Mentre Teti scriveva il suo saggio, dopo mesi di resistenza in mezzo alle macerie crollava il campanile di Amatrice. Le immagini del paese distrutto, prima con il suo simbolo rimasto in piedi e poi senza, sono una sequenza angosciante, che però «chiede di essere guardata e riguardata»: «Le immagini delle rovine, le visioni dei vuoti, delle assenze, dei luoghi a cui è stata sottratta la vita sono immagini perturbanti di cui abbiamo bisogno». Perché? Perché la melanconia, spiega Teti, non è solo un topos esistenziale del Sud, è «la condizione dell'uomo moderno»; e «le rovine e il vuoto dei paesi abbandonati sono lo scenario nel quale la condizione melanconica sperimenta un'intensificazione e una forma peculiari». Quelle rovine sono la nostra civiltà, sono «parti costitutive del sentimento e del pensiero occidentale»: non solo il «Mediterraneo dell'interno» è a rischio di estinzione, ma «l'impasse entro cui si aggira e si smarrisce l'Occidente» è proprio quella fra «culto delle rovine del passato e creazione di moderne rovine». È il «senso del crollo», quello per cui le culture di paese non nascondevano la possibilità della fine del mondo, alla quale legavano anche le mitologie di rigenerazione.

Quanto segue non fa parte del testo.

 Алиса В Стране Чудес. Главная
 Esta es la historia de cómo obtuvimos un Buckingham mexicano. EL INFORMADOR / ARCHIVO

I paesi-presepi sono finiti. Prima il loro era un mondo perfino «troppo pieno» (tuguri stipati da otto-dieci persone, più gli animali) dove si pativano le malattie, le alluvioni, le epidemie, le frane, la mancanza di acqua e di igiene, le difficoltà nei collegamenti e soprattutto la fame (ricorda Teti che i «prodotti tipici» non erano quelli che i contadini mangiavano, bensì quelli che speravano di mangiare...). Poi, da quel mondo, migliaia e migliaia di emigranti sono partiti verso l'America, per ricostruire i «doppi» dei loro villaggi e ritornare, costruendo rapporti e portando esperienze nuove; oppure verso la costa, per andare ad abitare in un altro «doppio» marino, di solito dopo una catastrofe naturale. Infine, quei paesi e i loro «doppi» sono diventati il mondo dell'abbandono: luoghi che non si riconoscono più, senza punti di riferimento, corpi-paese ormai smembrati. Eppure, da Nord a Sud, molte associazioni scommettono su questi luoghi, su un loro nuovo futuro e una nuova vocazione; paesi spopolati rimettono in relazione i propri abitanti grazie a siti e pagine Facebook; si moltiplicano le feste tra i ruderi e i paesi svuotati, che si vedono all'improvviso ripopolati e, nel silenzio, «riacquistano voce», perché «i luoghi continuano a vivere fino a quando ci sono persone a essi legate, da essi provenienti, fino a quando qualcuno, magari discendente dalle persone nate nei luoghi, ne avrà ricordo». Scrive una delle sorelle del monastero di Scigliano in una lettera allo stesso Teti: «Restare fa paura. Perché guardando i paesi disabitati, ci riscopriamo frammentati dentro».

Ma, proprio per questo, «è da lì che tutto può incominciare».